As to the George Close note, say his note is good without additional security, he is an honest and able man to pay; and, with my endorsement I feel that you are amply secured — as to Geo. Close beg to say I hope you will be *353able to sell him his goods for next season, as he is all o. k.

Please let' me hear from you soon.

Yours very respectfully,

S. R. Pyles.’

‘Ocala, Fla., July 31st~05.

Piedmont Mt. Airy Guano Co.,

Baltimore, Md.

Dear Sirs:

As I wrote you, Mr. Close made a failure. This is true, I have-worked diligently with him to get security, in this I have failed utterly, so I have caused suit to be instituted. I employed C. L. Sistrunk as attorney to represent your claim. I expect that I will ultimately have this to pay which I will do when it is found that ,1 cannot cause him to pay. I think however, to get judgment against him' he will likely borrow of his relatives and settle. I will do in the premises as I think best, and will push the matter to a settlement as rapidly as possible, and advisa you when I have accomplished something.'

Am very sorry for this unexpected trouble and delay in our settlement. No one could have reasonably expected such a complete failure with one who heretofore was so successful. However the best is being done and you may rest easy.

Yours very truly,

S. R. Pyles.’

The defendant being recalled, after some objections^ testified: “That at the time he wrote the letters of date respectively Oct. 24th, 1904, and July 31st, 1905, he thought he was bound and had not consulted an attorney, and he did not consult an attorney till time that action was taken against Mr. Close on the note sued on; *354that up to this time he thought and believed he was bound, that he then consulted with one attorney at law.”

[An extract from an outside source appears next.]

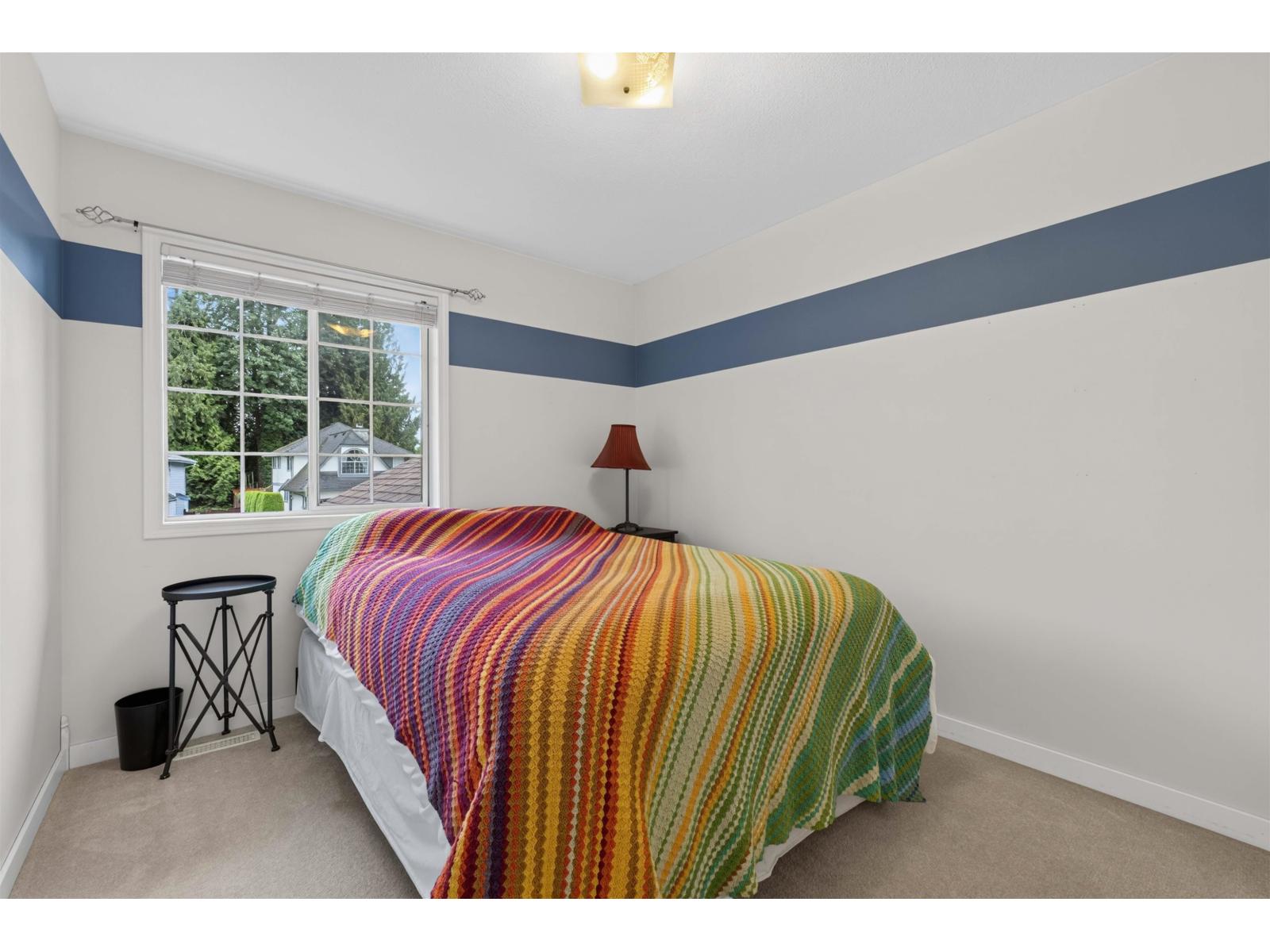 21545 Telegraph Trail, Langley, British Columbia  V1M 2K8 - Photo 25 - R3137225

It is not necessary to state other evidence adduced. Other questions asked the defendant as to his belief of his liability on the endorsement when he wrote the letters and whether he consulted counsel after the letters were written were excluded. The defendant reserved exceptions and assigns errors on the rulings. In view of the testimony of the defendant on these points admitted in evidence as above stated, there is no reversible error in the rulings complained of.

Error is assigned on the rulings of the court that the plaintiff have the opening and conclusion of the argument.

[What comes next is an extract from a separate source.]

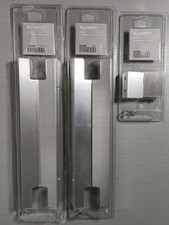 Ikea BLANKETT Drawer Cabinet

In the absence of a statute or rule upon the subject, where the plaintiff has anything to prove in order to get a verdict, whether in an action ex contractu or ex delicio, and whether to establish his right of action or to' fix the amount of his damages, the right to begin and conclude the argument to the jury belongs to the plaintiff. The unvarying test to be applied is which party would, upon the pleadings and record admissions and without any proof, be entitled to a verdict. If the plaintiff would succeed on the pleadings alone, the defendant may begin and conclude the argument; if the defendant would succeed, then there is something for the plaintiff to prove at the outset, and the plaintiff may begin and conclude the argument to the jury.

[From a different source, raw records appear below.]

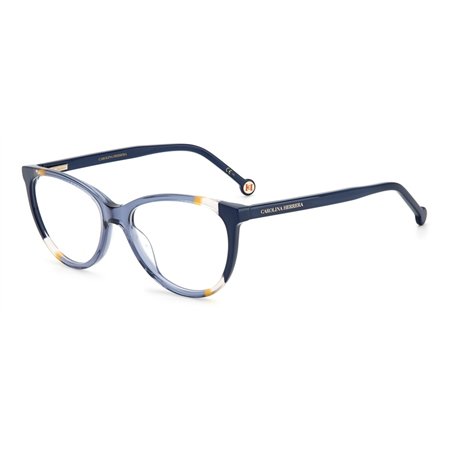 Carolina Herrera CH 0064 RTC Carolina Herrera CH 0064 RTC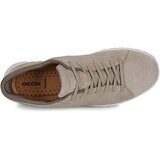 Geox U FLEXTRIDE PLUS Bež | shoptok.hr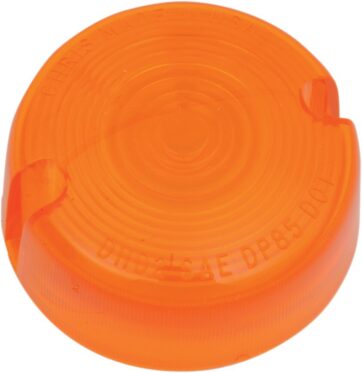 TS REPL LENS AMB 86-99FX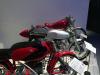 MC Collection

Where there are several issues and the plaintiff has anything to prove under any one of them in the first instance, in order to recover, the right to open and dose the argument is with him.

In every case where the general issue, or a general or special denial is pleaded, the right to open and close is with the plaintiff, for then he'has something to prove in *355the first instance, no matter what may be the nature of the controversy, or what special defenses may be set up. 1 Thomp. on Trials, Chap. 228 et seq.; Abbotts Trial Brief 395; Brunswick & W. R. Co. v. Wiggins, 113 Ga. 812, 39 S. E. Rep. 551, S. C. 61 L. R. A. 513 and exhaustive note.

In this case the action is on a promissory note but there is a common count and a plea of the general issue which requires the plaintiff to prove something at least before he can recover, therefore the court properly ruled that the right to open and conclude the argument to the jury was with the plaintiff.

No other points are argued and no errors appearing the judgment is affirmed.

All concur, except Hocker, J., absent.